Associations between sociodemographic and lifestyle characteristics of the pregnant women with hair biomarkers for psychoactive substance use and smoking behavior were performed by an independent t-test for quantitative variables and a chi-square test for qualitative variables. Statistical significance was set at p < 0.05.
5. Conclusions
For the first time in a Mexican cohort, this study objectively assessed licit and illicit drug consumption in a pregnant women population. Our results confirm the usefulness of maternal hair analysis to evidence drug use during pregnancy and how the measurement of exposure biomarkers in this matrix is essential to demonstrate real consumption.

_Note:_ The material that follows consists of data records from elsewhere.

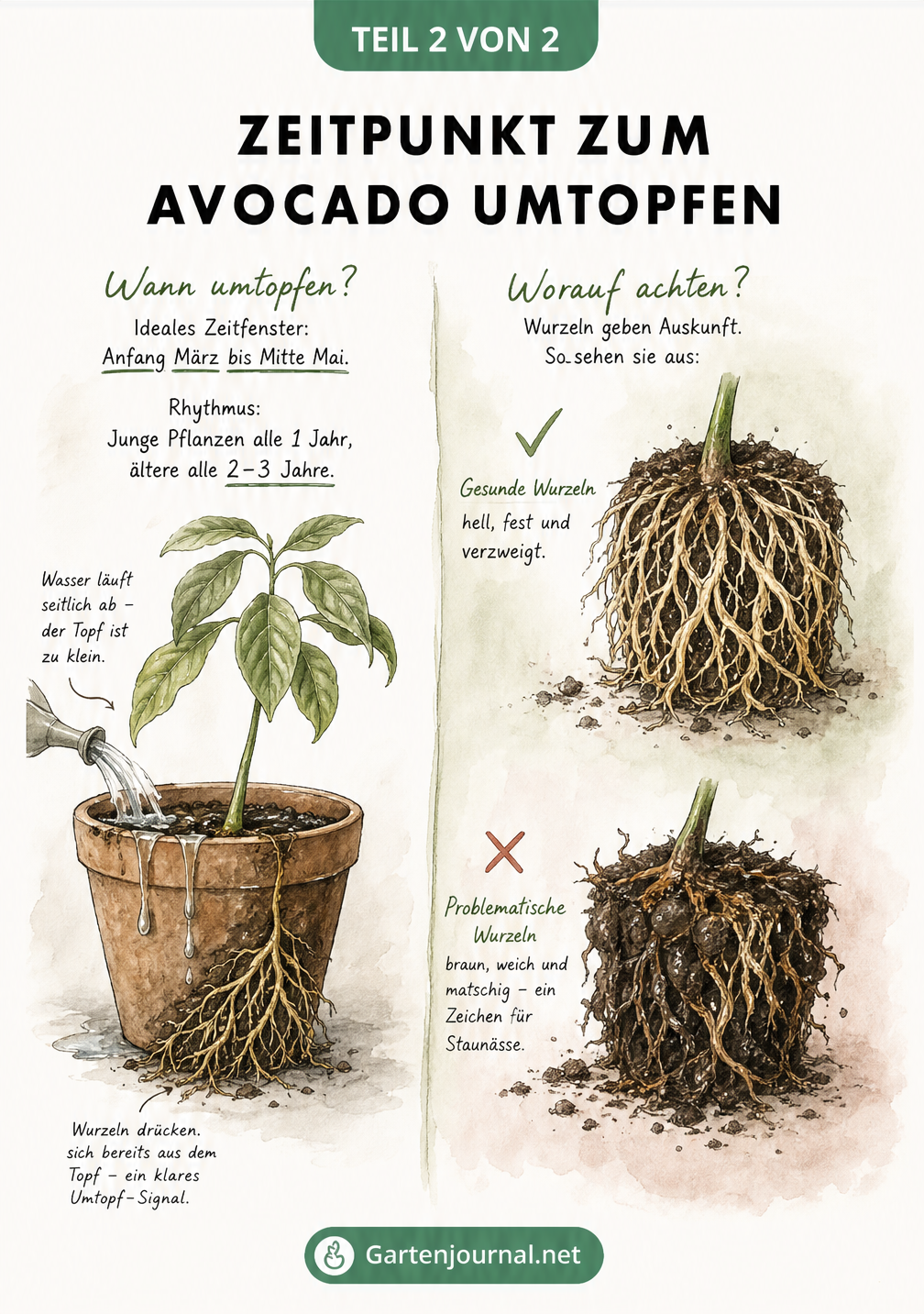 Zwei Szenen: Links eine Avocado in einem zu kleinen Topf mit herauswachsenden Wurzeln, rechts ein Vergleich zwischen gesunden und fauligen Wurzeln.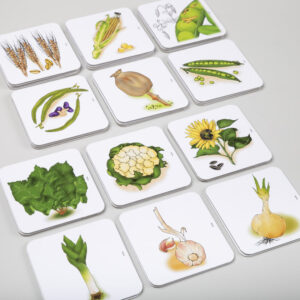 Obrázky úžitkových rastlín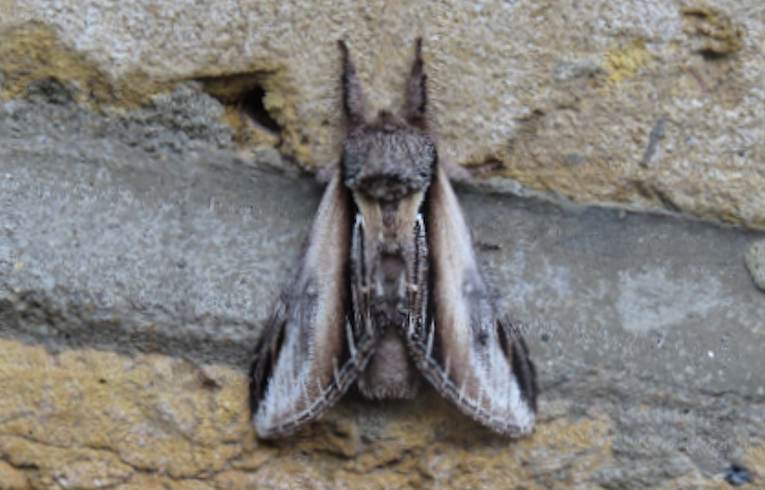 Swallow Prominent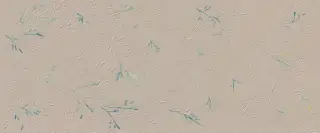 True Color Wind Flower Matt 50x120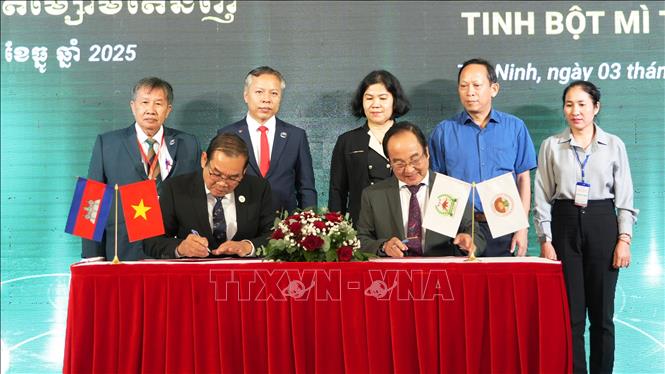 Liên đoàn sắn Campuchia và Hiệp hội sản xuất tinh bột mì Tây Ninh thực hiện ký kết biên bản ghi nhớ (MoU). Ảnh: Minh Phú – TTXVN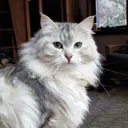 cat_gods_cat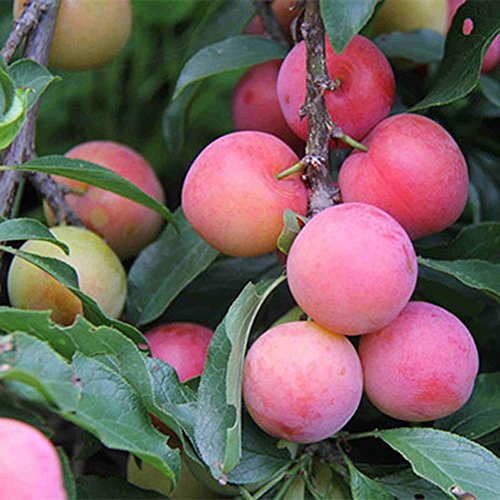 Garden Flower Plant Seeds 10Pcs/Bag Plum Seeds Delicious Juicy Fruit Home Garden Planting Tree Easy Grow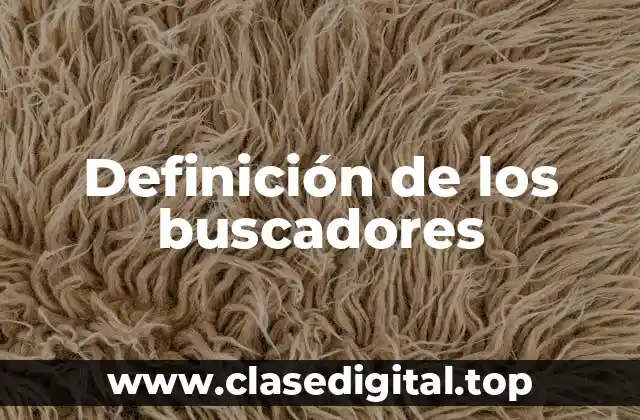 Definición de los buscadores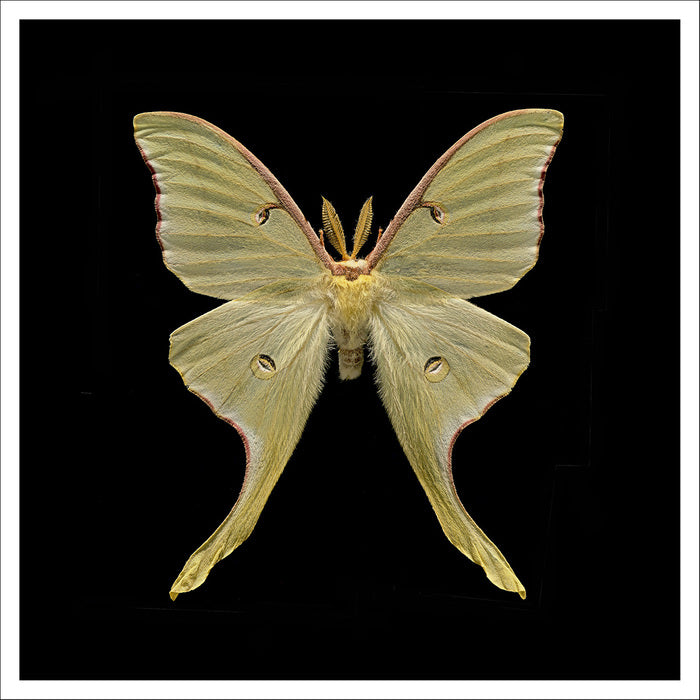 Actias Luna Moth, 2022, archival giclee print, 30 x 30 in. / 76.2 x 76.2 cm.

The early detection of licit and illicit drug use during pregnancy using toxicological analyses in biological matrices and/or effective screening programs combined with the participation of qualified professionals can help to define the most appropriate measures to avoid the gestational consumption of psychoactive drugs and consequent prenatal exposure.
Author Contributions
Conceptualization, L.-M.G.-R., A.A.-L., R.-Y.R.-G., M.-B.V.-B., S.P., and O.G.-A.; methodology and validation, E.M., M.C.R., G.M., and P.B.; investigation, E.M., M.C.R., G.M. and P.B.; resources, L.-M.G.-R., A.A.-L., R.-Y.R.-G., M.-B.V.-B., and O.G.-A.; data curation, E.M., L.-M.G.-R., A.A.-L., R.-Y.R.-G., M.-B.V.-B., and O.G.-A.; writing—original draft preparation, E.M., S.P., and O.G.-A.; writing—review and editing, all the authors. All authors have read and agreed to the published version of the manuscript.
Funding
This investigation was partially funded by the Italian Department of Antidrug policies.

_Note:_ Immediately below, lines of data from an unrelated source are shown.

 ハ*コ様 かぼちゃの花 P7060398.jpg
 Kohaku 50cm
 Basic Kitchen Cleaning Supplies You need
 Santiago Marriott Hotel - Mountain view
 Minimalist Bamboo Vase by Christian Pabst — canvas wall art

Institutional Review Board Statement
The study was conducted according to the guidelines of the Declaration of Helsinki and approved by the Local Human Research Ethics Committees CONBIOETICA-14-CEI-008-20161212).

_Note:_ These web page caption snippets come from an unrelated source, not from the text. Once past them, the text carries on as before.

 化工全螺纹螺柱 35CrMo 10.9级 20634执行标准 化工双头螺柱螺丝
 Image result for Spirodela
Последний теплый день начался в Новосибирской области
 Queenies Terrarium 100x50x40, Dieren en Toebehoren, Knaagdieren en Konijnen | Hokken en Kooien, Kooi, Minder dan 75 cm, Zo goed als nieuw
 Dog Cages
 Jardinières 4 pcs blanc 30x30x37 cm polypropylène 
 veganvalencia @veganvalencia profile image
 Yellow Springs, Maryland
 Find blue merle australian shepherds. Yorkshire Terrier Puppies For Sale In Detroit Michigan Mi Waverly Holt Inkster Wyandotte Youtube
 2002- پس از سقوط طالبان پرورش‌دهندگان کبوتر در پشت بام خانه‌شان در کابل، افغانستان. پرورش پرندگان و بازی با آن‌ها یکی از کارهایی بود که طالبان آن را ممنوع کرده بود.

Informed Consent Statement
Informed consent was obtained from all subjects involved in the study.
Data Availability Statement
All data generated or analyzed during this study are included in this published article.
Acknowledgments
The authors thank Antonella Bacosi, Simonetta di Carlo, Laura Martucci, Chiara Fraioli, and Michele Sciotti for technical help.
Conflicts of Interest
The authors declare no conflict of interest.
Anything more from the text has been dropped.